Description of the task –
Show each line of the data below that has the string "Frost" in it.

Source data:

━━━━━━━━━━

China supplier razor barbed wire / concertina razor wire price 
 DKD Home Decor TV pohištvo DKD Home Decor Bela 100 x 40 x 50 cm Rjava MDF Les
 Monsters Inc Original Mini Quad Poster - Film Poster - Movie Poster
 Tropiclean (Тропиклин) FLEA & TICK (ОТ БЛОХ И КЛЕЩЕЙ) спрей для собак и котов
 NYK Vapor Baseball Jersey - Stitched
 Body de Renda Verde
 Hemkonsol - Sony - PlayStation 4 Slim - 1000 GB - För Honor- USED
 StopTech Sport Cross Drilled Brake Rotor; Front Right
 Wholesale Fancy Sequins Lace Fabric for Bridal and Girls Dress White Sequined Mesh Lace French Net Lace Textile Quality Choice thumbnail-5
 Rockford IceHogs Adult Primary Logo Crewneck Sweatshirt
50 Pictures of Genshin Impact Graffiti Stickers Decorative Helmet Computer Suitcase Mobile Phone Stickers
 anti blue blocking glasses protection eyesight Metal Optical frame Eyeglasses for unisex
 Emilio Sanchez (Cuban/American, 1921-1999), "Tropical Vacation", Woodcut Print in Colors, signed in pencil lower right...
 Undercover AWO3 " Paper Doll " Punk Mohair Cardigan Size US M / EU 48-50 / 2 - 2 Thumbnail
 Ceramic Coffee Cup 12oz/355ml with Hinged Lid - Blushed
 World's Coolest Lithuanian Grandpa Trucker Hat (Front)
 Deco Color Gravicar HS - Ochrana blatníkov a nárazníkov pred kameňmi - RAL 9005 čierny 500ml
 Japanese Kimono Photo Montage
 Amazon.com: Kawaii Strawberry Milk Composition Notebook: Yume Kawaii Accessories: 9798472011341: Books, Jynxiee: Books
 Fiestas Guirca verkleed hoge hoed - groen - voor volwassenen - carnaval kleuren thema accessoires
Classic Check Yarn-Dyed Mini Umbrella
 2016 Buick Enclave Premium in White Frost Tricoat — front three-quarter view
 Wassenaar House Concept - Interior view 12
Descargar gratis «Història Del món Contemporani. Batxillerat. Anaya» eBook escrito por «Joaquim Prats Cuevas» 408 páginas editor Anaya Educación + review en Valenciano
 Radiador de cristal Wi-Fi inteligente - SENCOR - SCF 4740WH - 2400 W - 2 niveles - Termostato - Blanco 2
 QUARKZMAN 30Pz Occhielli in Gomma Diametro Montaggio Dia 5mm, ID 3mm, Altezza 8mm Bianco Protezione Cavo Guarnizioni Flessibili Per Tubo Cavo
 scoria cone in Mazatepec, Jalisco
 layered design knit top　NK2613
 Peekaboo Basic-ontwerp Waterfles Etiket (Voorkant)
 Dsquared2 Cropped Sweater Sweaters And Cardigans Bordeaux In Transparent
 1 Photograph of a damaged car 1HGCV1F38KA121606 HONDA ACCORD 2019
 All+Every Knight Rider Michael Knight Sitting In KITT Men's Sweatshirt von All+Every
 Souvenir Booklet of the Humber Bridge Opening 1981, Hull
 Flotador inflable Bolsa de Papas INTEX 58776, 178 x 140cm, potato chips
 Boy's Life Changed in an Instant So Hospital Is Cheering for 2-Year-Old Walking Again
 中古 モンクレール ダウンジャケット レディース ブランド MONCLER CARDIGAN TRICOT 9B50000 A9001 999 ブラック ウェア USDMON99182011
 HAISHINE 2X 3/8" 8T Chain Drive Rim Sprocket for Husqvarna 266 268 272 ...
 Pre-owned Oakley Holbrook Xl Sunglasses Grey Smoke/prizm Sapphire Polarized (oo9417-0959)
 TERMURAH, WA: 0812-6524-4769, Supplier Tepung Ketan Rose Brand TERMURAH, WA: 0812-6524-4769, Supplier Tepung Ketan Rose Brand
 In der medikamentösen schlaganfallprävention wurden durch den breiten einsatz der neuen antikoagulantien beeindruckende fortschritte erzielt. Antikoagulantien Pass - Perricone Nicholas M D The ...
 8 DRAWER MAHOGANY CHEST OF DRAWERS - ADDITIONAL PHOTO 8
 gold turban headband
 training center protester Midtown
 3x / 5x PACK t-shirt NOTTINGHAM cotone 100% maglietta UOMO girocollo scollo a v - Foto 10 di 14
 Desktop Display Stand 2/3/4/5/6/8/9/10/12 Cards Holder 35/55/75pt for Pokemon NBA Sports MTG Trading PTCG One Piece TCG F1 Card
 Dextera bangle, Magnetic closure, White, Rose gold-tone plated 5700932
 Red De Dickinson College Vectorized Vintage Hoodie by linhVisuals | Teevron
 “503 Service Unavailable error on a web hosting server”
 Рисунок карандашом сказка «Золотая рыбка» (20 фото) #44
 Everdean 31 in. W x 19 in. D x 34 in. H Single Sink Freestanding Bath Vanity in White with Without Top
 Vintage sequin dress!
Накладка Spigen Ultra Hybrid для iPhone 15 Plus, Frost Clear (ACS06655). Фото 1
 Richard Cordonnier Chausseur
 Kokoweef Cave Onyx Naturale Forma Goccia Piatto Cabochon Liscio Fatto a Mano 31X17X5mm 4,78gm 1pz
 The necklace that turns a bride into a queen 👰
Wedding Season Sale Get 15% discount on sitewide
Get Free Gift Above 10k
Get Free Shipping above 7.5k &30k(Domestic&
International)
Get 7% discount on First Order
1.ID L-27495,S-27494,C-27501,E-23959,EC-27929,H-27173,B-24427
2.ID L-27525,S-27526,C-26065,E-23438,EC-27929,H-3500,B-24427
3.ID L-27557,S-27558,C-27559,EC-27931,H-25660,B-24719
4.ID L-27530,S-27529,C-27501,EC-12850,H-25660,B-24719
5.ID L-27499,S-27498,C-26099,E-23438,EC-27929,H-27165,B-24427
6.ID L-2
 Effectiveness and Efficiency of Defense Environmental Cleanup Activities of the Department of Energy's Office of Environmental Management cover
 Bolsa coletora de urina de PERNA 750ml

━━━━━━━━━━

Answer to the problem –
 2016 Buick Enclave Premium in White Frost Tricoat — front three-quarter view
Накладка Spigen Ultra Hybrid для iPhone 15 Plus, Frost Clear (ACS06655). Фото 1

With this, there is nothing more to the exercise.